### [WHAT TO WORK ON]
In the listing beneath this line, copy exactly the lines starting with the one containing "Supreme x Hanes" and going on through the one containing "Buddha Stones Pulsera".

### [SOURCE MATERIAL]
++++

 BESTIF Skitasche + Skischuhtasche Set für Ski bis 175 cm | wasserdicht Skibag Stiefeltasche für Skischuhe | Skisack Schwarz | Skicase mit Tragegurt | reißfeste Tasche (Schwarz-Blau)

++++

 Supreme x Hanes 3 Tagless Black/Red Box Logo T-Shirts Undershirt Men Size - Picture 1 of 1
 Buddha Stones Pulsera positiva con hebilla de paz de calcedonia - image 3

++++

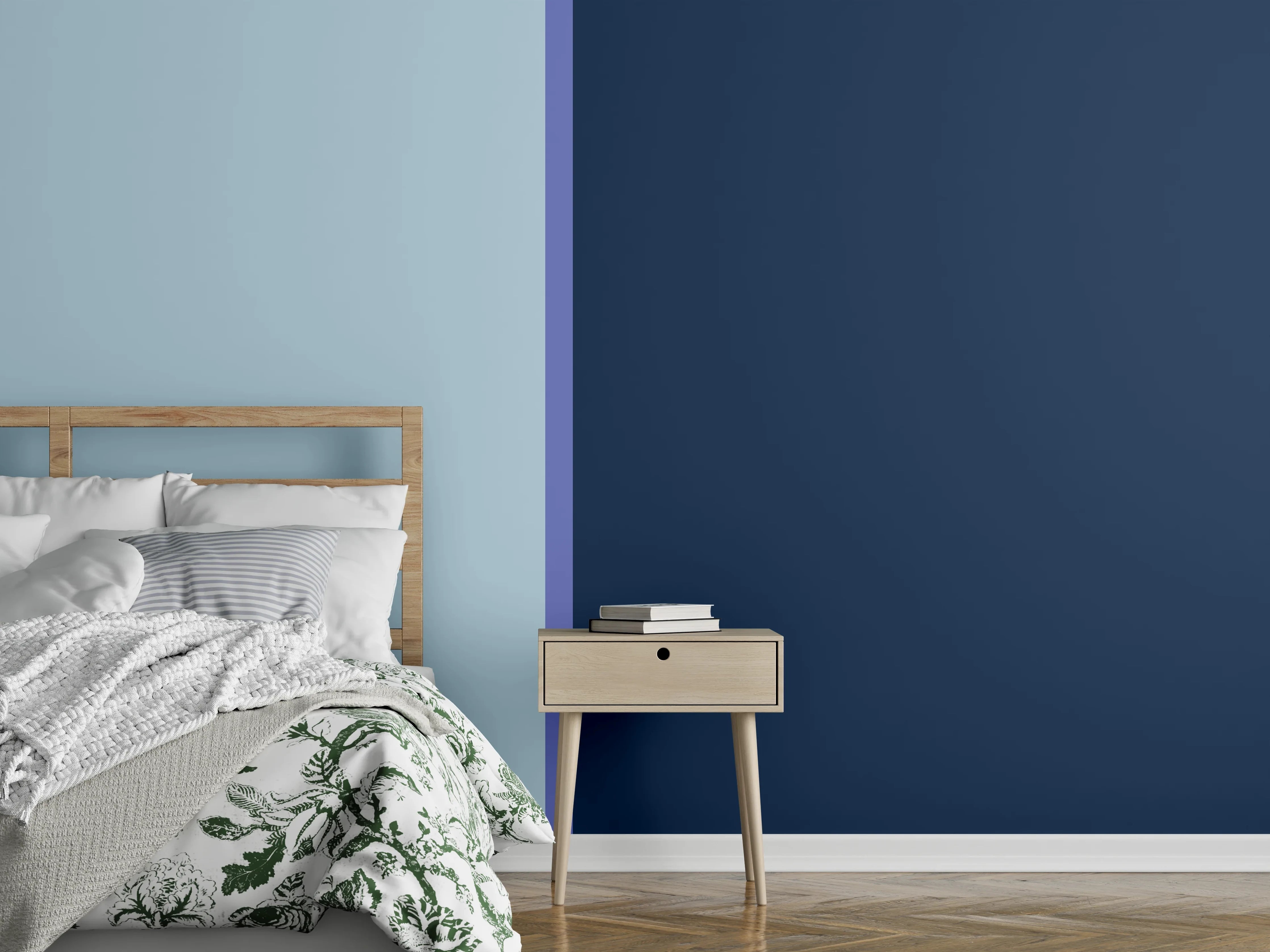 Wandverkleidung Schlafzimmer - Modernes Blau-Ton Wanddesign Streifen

++++

### [ANSWER TO THIS PROBLEM]
 Supreme x Hanes 3 Tagless Black/Red Box Logo T-Shirts Undershirt Men Size - Picture 1 of 1
 Buddha Stones Pulsera positiva con hebilla de paz de calcedonia - image 3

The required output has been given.